[[ Source data, beginning ]]

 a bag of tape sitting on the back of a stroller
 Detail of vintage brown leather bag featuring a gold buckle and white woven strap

[[ Source data, end ]]
[[ Source data, beginning ]]

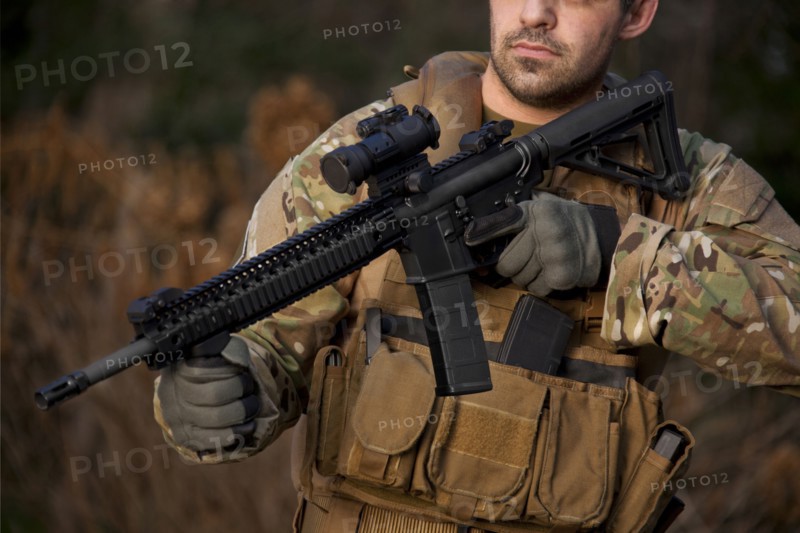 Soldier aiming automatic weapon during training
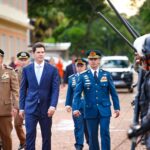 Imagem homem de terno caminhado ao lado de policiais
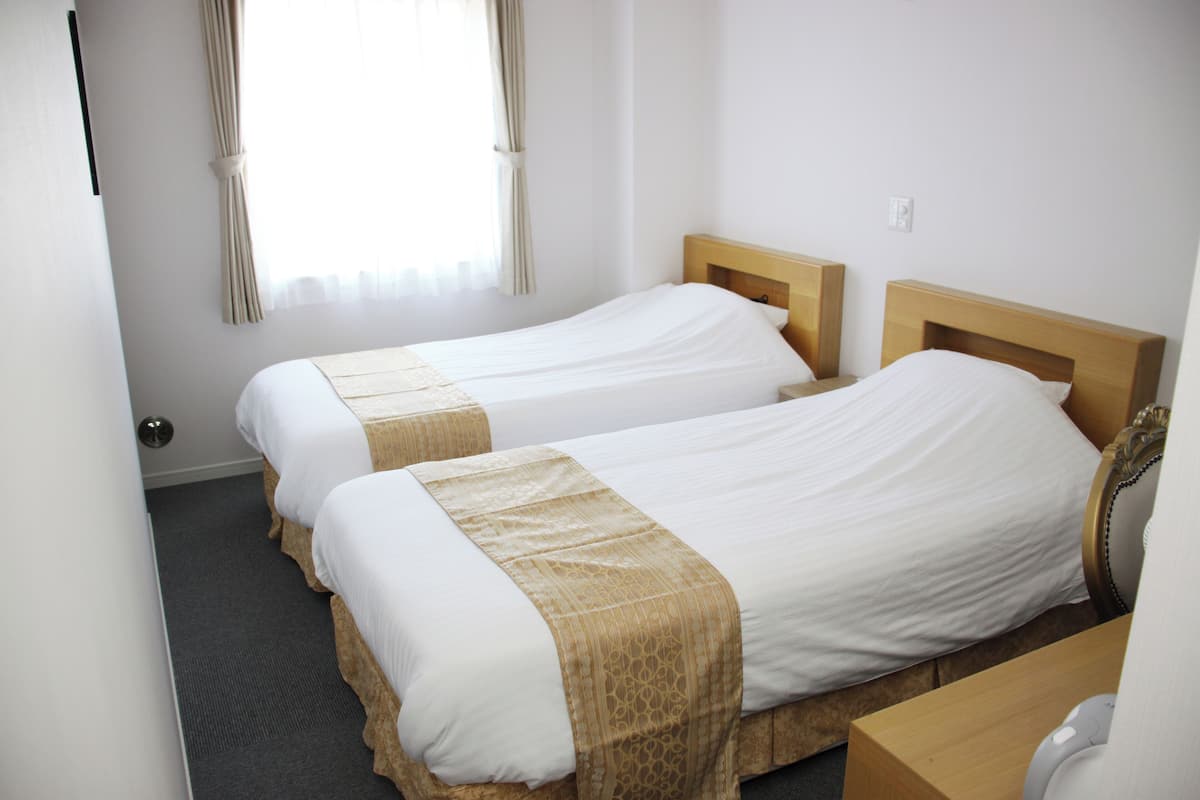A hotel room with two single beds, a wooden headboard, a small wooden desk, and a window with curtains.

[[ Source data, end ]]

Work request: Going back to the entries above, set down exactly the lines that begin at the one with "a bag of tape" and end at the one with "Detail of vintage", both included, and nothing else.

Exercise response:
 a bag of tape sitting on the back of a stroller
 Detail of vintage brown leather bag featuring a gold buckle and white woven strap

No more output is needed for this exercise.